Closed ZiweiHou closed 2 years ago
We need to use negative samples to compute cross-entropy loss, which is a traditional training way in FM models. See our loss function:
def fit_nll_neg(self, input_batch, epsilon=1e-9):
preds = torch.sigmoid(self.forward(input_batch))
cost = - torch.log(preds[:, 0] + epsilon).sum() - torch.log(1 - preds[:, 1:] + epsilon).sum()
return cost / preds.shape[0]
In my data file, one positive sample is the first line and its negative samples follows. And the following is the second positive one. Repeat... So the raw data is shaped like (n_samples * (1 + neg_num) $\times$ n_features). We need to reshape it as (n_samples $\times$ (1 + neg_num) $\times$ n_features), and the dataloader read the rows.
Hi @MogicianXD,
Thanks for your reply. Is there any particular reason for using such a data format? Can you release an example of your data?

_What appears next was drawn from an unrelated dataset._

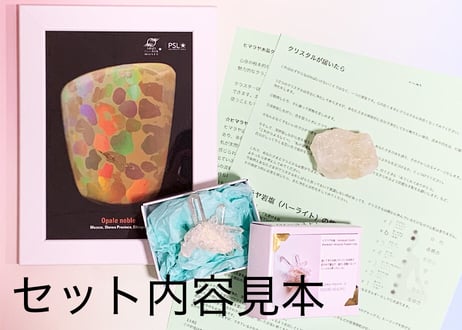 【クリスタルハーモニー】ヒマラヤ水晶クラスター（パリ鉱物博物館のおみやげ付き）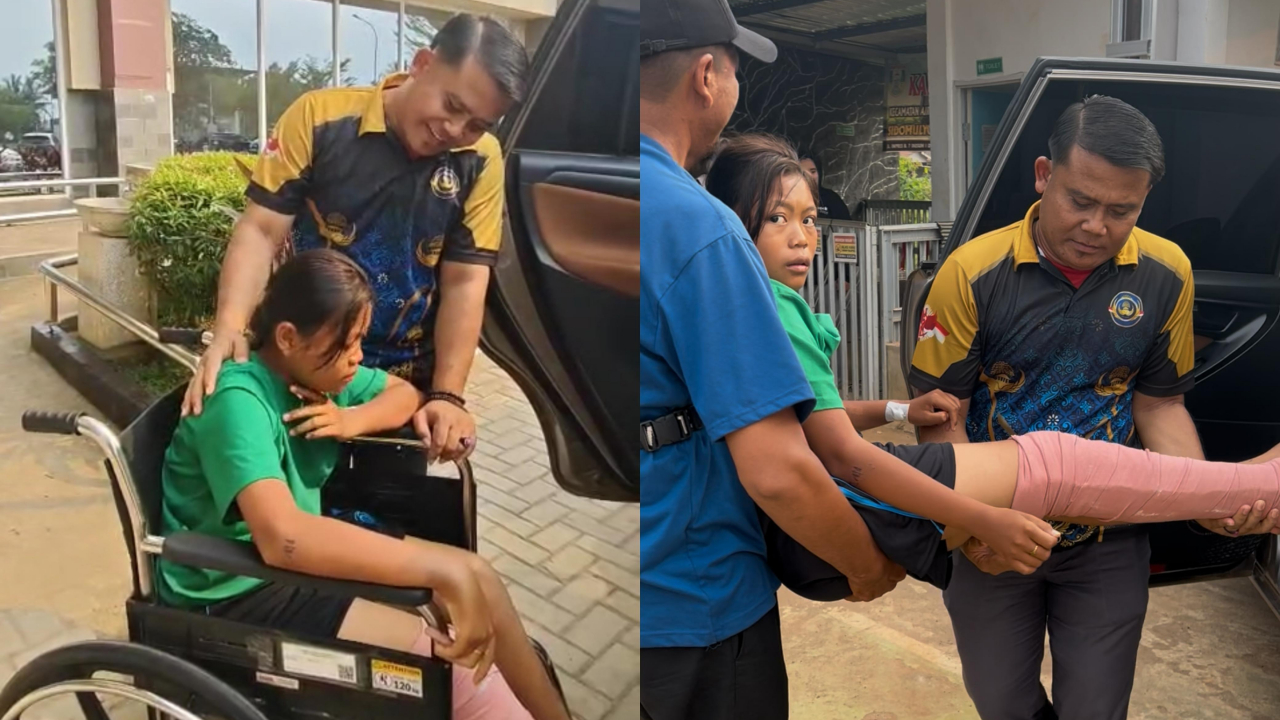 Kepala Desa Sidomulyo Bantu Warga yang Tertimpa Musibah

No particular reason. The data format is determined by your data preprocessing. I've push the frappe dataset now. The codes are written two years ago, and I've not tested if it works well.
Thank you soooo much!
Hi,
in line 10 of dataset.py file, it reshapes the feature to (1+neg_num, feature.shape[-1]). What is neg_num? and why there is a need to reshape feature?